目前关于PNRC的转录调控机制尚不十分清楚,为了研究PNRC基因的转录调控机制及其转录抑制与多种肿瘤的发生、发展的相关性,我们进行了如下的研究:
1.人PNRC基因转录起始位点的确定及启动子的活性分析
采用5′端cDNA末端快速扩增法(rapid amplification of cDNA ends, RACE)确定了PNRC转录起始位点的碱基为G,该转录起始位点较报道的PNRC mRNA (NM 006813) 5′端第一个碱基提前了27 bp。通过生物信息学预测软件(http://www.fruitfly.org/ cgi-bin/seq_tools/promoter.pl.)对人PNRC基因的5′侧翼区约2100bp的序列进行分析,预测5′侧翼区内具有启动子功能的区域。应用TransFac professional 8.1(http://jupiter.coh.org/ cgi-bin/transfac/bin/start.cgi)软件对该区域进行分析,获得可能的转录因子结合位点。通过构建包含PNRC基因5′上游序列的荧光素酶报告质粒,利用脂质体瞬时转染,检测荧光素酶活性,对PNRC启动子区进行分析,结果显示,启动子活性最小区域位于-123 ~ +27,预测结果表明,在这一区域可能存在着NFY和RFX1转录因子结合位点。
2.细胞内、细胞外鉴定NFY和RFX1与PNRC基因启动子活性区域的结合
染色质免疫沉淀(chromatin immunoprecipitation assay, ChIP)及电泳迁移率变动实验(electrophoresis mobility shift and supershift assay, EMSA)证明:NFY和RFX1可在细胞内、细胞外与PNRC启动子区域相结合。
3.NFY和RFX1对PNRC基因启动子活性的调控NFY和RFX1真核表达质粒与PNRC启动子重组报告基因质粒或与突变报告基因质粒(含转录因子结合位点突变)的共转染实验表明:NFY和RFX1通过与PNRC启动子-123 ~ +27区域结合,抑制PNRC启动子的活性,RT-PCR和Western blot证明:过表达NFY和RFX1可下调HepG2细胞中PNRC的表达。
4.乳腺癌细胞中人PNRC基因启动子CpG岛甲基化状态的研究
运用“MethPrimer”软件对PNRC启动子区进行分析,预测CpG岛,通过硫化测序PCR (Bisulfite sequencing PCR, BSP),检测PNRC启动子区CpG岛的甲基化状况,结果显示:乳腺癌细胞中PNRC基因启动子区存在CpG岛的甲基化。

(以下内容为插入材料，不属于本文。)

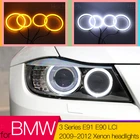 Хлопковый светодиодный светильник Angel Eye Halo, двухцветный, для BMW 3 серии E91, E90, LCI 2009-2012, ксеноновые фары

5.PNRC基因启动子CpG岛去甲基化对PNRC转录的调节
将含PNRC启动子序列的报告质粒转染乳腺癌细胞,细胞再经甲基转移酶抑制剂5-氮杂-2’-脱氧胞苷(5-aza-2’-deoxycytidine, 5-Aza-CdR)处理后,检测PNRC基因启动子的活性;RT-PCR、Northern杂交、Western Blot检测乳腺癌细胞经5-Aza-CdR处理后PNRC的表达情况。结果证明:PNRC基因启动子CpG岛去甲基化可增强PNRC启动子活性并上调PNRC的表达。
本研究对人PNRC基因5′侧翼区序列进行了一系列缺失分析,确定了启动子的最小活性区域-123 ~ +27,并鉴定了与之相结合的转录因子NFY和RFX1对PNRC启动子的调节作用。此外,我们还从表观遗传学调控方面研究了PNRC基因启动子CpG岛的甲基化状态,发现乳腺癌细胞MCF-7中PNRC基因启动子区存在CpG岛的甲基化,对PNRC基因启动子CpG岛的去甲基化可增强PNRC启动子活性并上调PNRC的表达,进一步证明了PNRC在乳腺癌细胞中的转录抑制与PNRC启动子CpG岛的甲基化相关。本研究结果为阐明PNRC基因自身转录调控机制以及PNRC的转录抑制与肿瘤的相关性奠定了基础。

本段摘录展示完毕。